5. What are you most proud of in your writing? 

I attended an excellent picture book class run by authors Chrisytan and Diane Fox which helped me to pin down the style needed for picture books, after having had written so many short stories for radio and magazines, this format was ingrained in me and hard to shake off.  
In fact one of my books currently published, Cinderella’s Other Shoe (with wonderful cartoon drawings by Tevin Hansen) was originally written as a picture book from an exercise set in the class so I was delighted that we won the Purple Dragon Fly Awards for best humour book and also short listed at the Wishing Shelf Independent Book Awards for best fiction for 6 – 8 years. 

I am very pleased to have been published across the world in some brilliant magazines and collections alongside some fantastic writers and illustrators.

6. How do you get on with editing and research?


I was once told that you learn most in the editing process and this is true!  I do have a bit of a blind spot as to regards typos and spelling in my work. It’s seems that however much I read something that I have written typos seem to escape through. 
So far the types of work I have written haven’t required much research apart from the school assemblies where everything must be factual correct.  
I know that my better pieces are usually ones that I have written and then let breathe for a couple of weeks before returning to them.  Then I have put some distance between myself and the work and am able to spot any mistakes!  It is quite normal for writers when they first start out to want to rush their ideas out and I have learned the hard way.

 

7. Which writers have inspired you? 

I enjoy reading work by many different authors but people that spring to mind are the wonderful rhyming books of prolific Jeannie Willis as well as the unique picture book styles of Oliver Jeffers and Emily Gravatt.  I also like the style of David Walliams’ novels – it is something about his characters and the original scenarios that I find appealing.
However I don’t really like naming favourite authors as it means singling people out. I have been writing book reviews for Kidscene for nearly seven years and in that time have read some wonderful books across all age groups.
A couple of beautiful unique picture books that I reviewed that spring to mind are Triangle and also the Wisp.
I also love animated films.  Two films that I particularly enjoyed are Chicken Run and Gnomeo and Juliette!

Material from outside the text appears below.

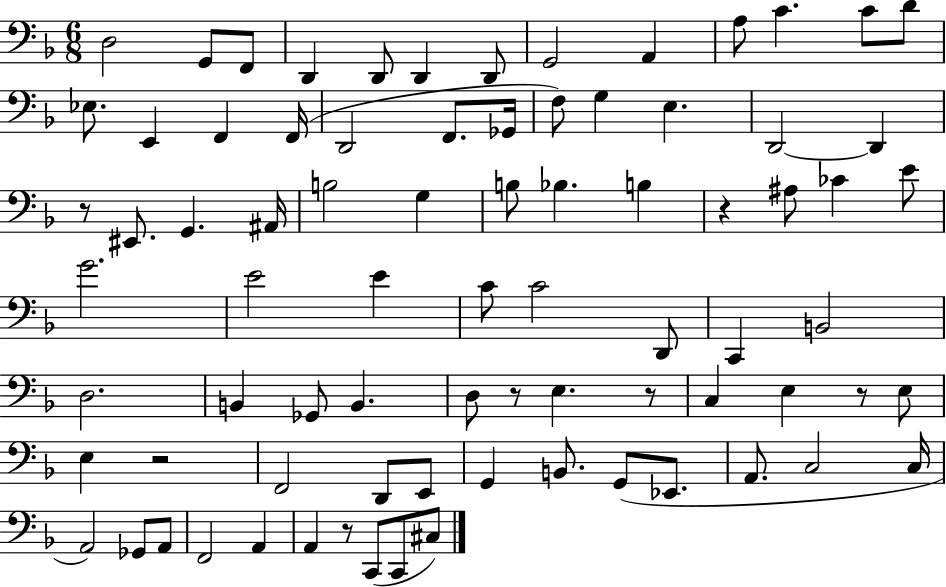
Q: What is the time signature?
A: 6/8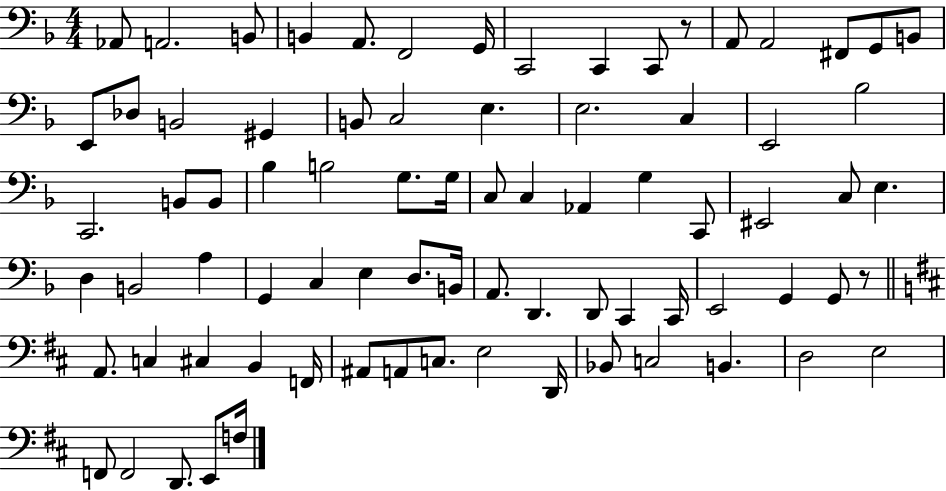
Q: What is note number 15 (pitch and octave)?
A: B2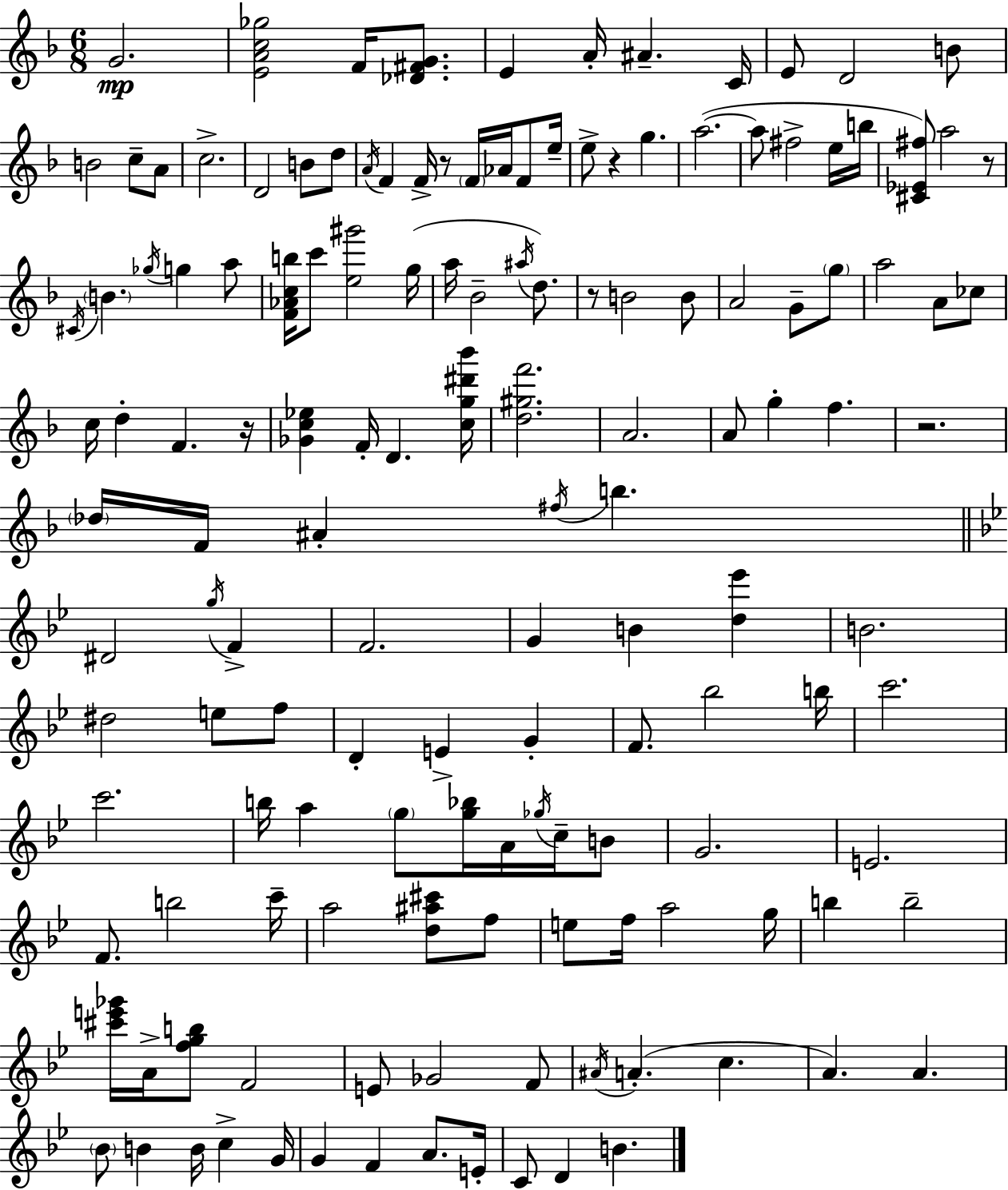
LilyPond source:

8. Do you have any goals for the future?

 I do have three books scheduled for publication in 2019 and 2020 with three more in development.
In my late teens and twenties I taught dance and really enjoyed working with children so I am in the process of developing some workshops to take on the road which will be fun! So lots to look forward to.

And I have some poetry collections which are now well on the way to being finished.

I have worked with Bridge House and Gill before when I contributed to two of their anthologies. The opportunity to get short stories published is quite small and so very competitive when submitting to magazines and anthologies so it’s great to be working with Gill again.

Gill has developed a particular expertise in the short story market and also producing anthologies for charity. The stories that she is publishing with me are rather like extended illustrated short stories and I am looking forwards to the first one – Wilma’s Magic Hat with superb spooky illustrations by Ashley James.


As they say one step at a time!  And lots to look forward to!